The on-going correction in residential construction is expected to drag down overall 2007 construction activity. According to the most recent forecast from the Economic Research department at Portland Cement Association (PCA), despite a record 18% growth since 2003, cement consumption this year is projected to decline by 1.5%.
The spring forecast, presented last week at the PCA Board of Directors Meeting in La Jolla, Calif., by chief economist Ed Sullivan, anticipates gradual gains throughout the second half of 2007, but not large enough to offset the year’s first half weaknesses. The increased construction activity that is expected to begin mid-year, however, will carryover to 2008 and contribute to an estimated 3.9% growth in consumption.
Gains in nonresidential and public construction, says Sullivan, will not be large enough to offset the harsh downward trends in the residential market. Sullivan’s 2007 projection reflects a nearly 6Mt decline in residential cement consumption levels compared to 2006. "Single-family start activity and residential cement consumption will not recover until the existing inventory level of homes is reduced."
Declines in construction are partially offset by rising cement intensity – the increasing use of cement and concrete in construction.

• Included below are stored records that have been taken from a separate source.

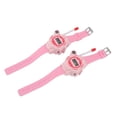 thumbnail image 4 of Walkie-talkies para niños, reloj con pantalla LCD, reducción de ruido, antena telescópica, llamadas, color rosa, 4 of 14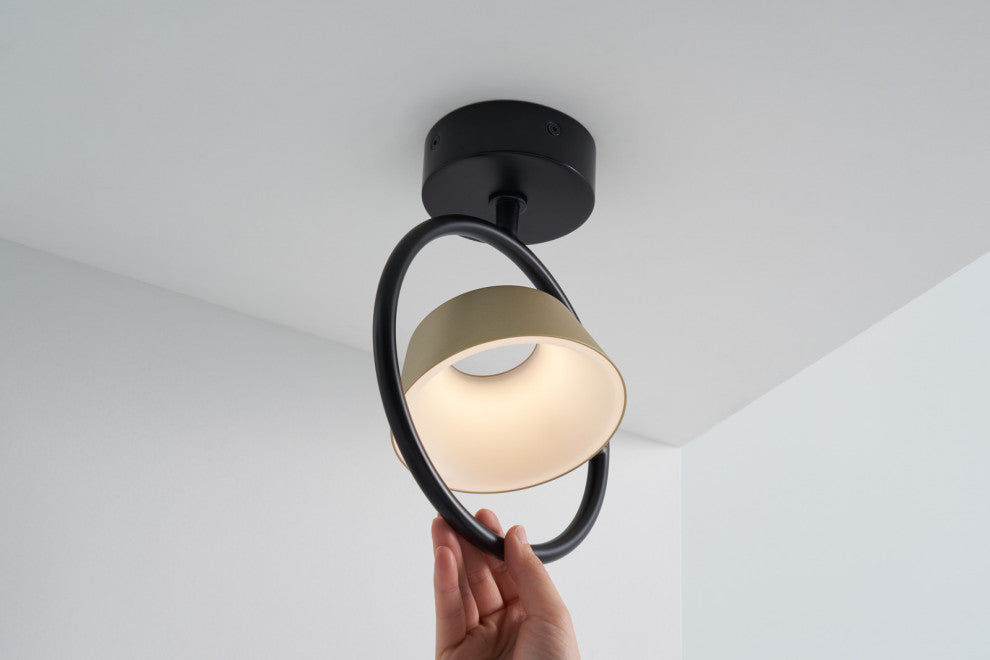 OLO RING Wall Lanp, Black/Champagne Gold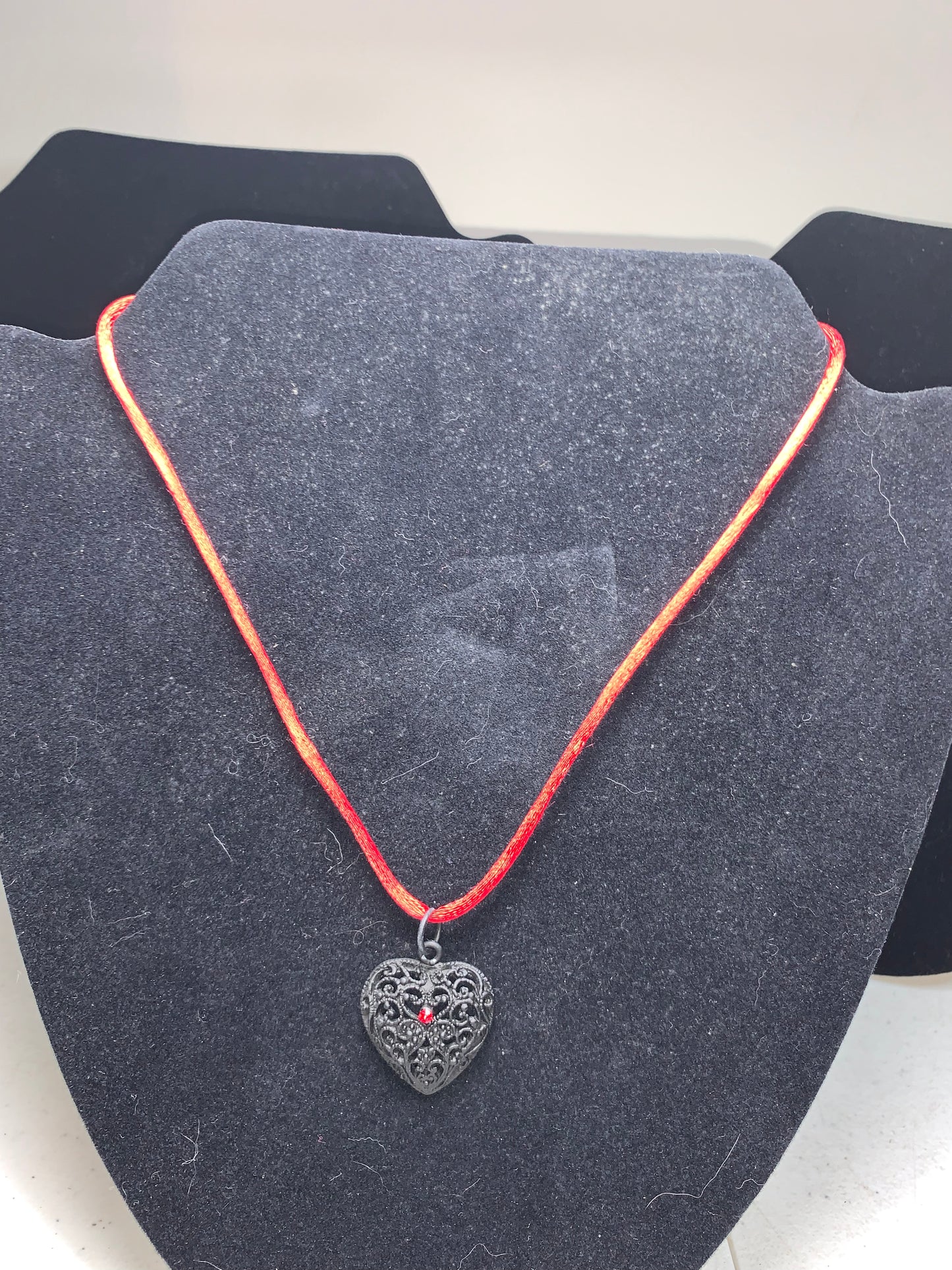18" Red Satin Cord Necklace with Black Heart Pendant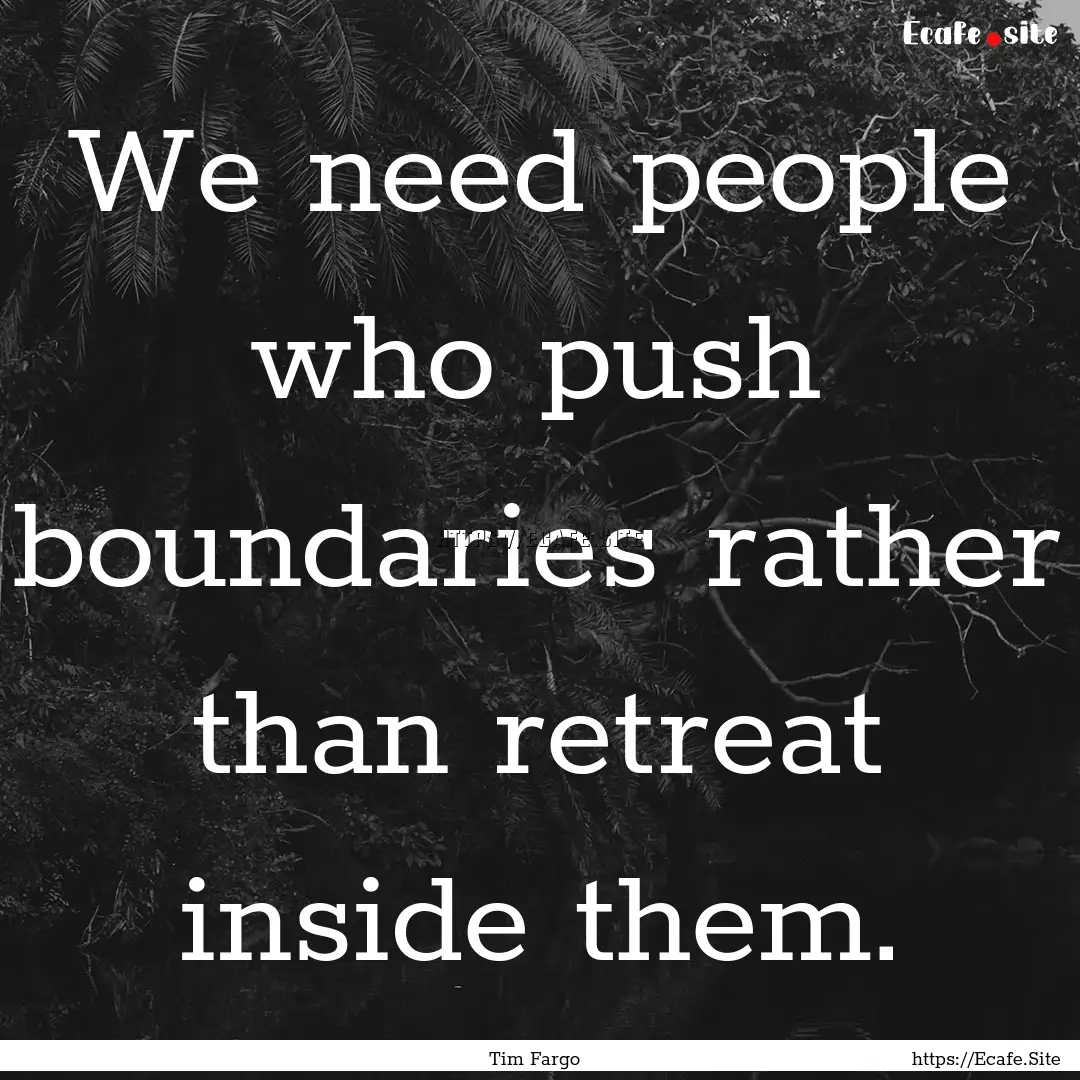 We need people who push boundaries rather.... : Quote by Tim Fargo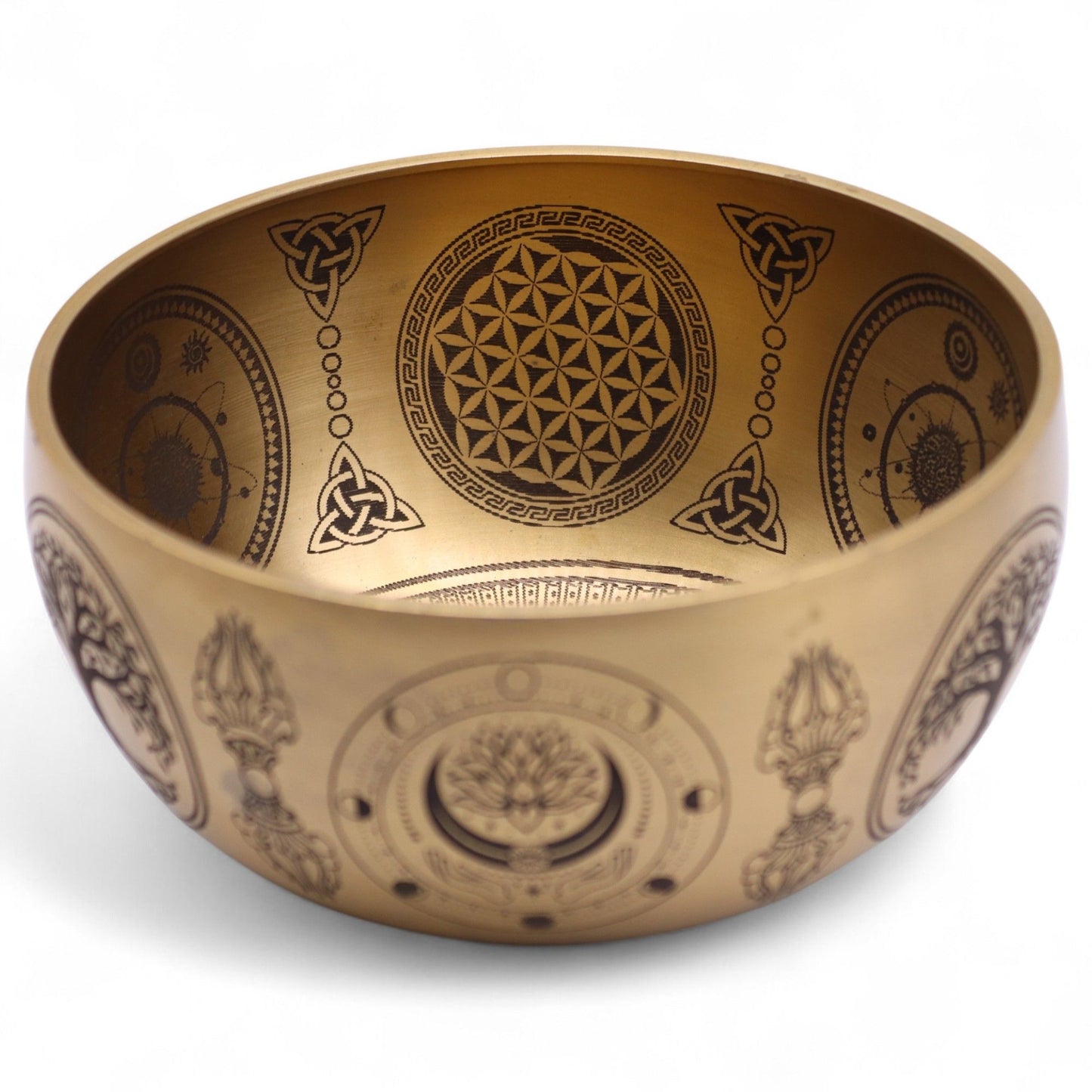 Pure Brass Etched Buddha Singing Bowl Set – 4 Pieces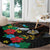 South Sudan Round Carpet Hibiscus Floral African Pattern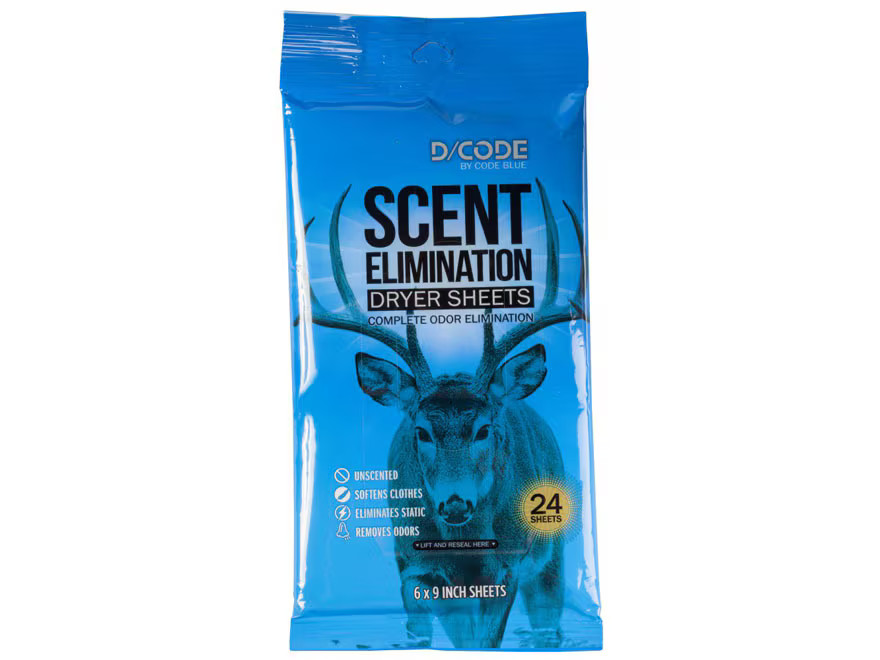Code Blue D/Code Scent Elimination Dryer Sheets 24PK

Even with an overall decline in consumption, Sullivan sees a 1.5% increase in cement intensity in 2007. Cement intensity refers to the tons of cement per dollar of construction activity.
"Cement intensity is influenced by changes in the composition of construction, the regional composition of cement demand, and the competitive price position of concrete against competing materials," Sullivan said. "It is the relative price and changes in the composition of construction that will be key to intensity gains in 2007."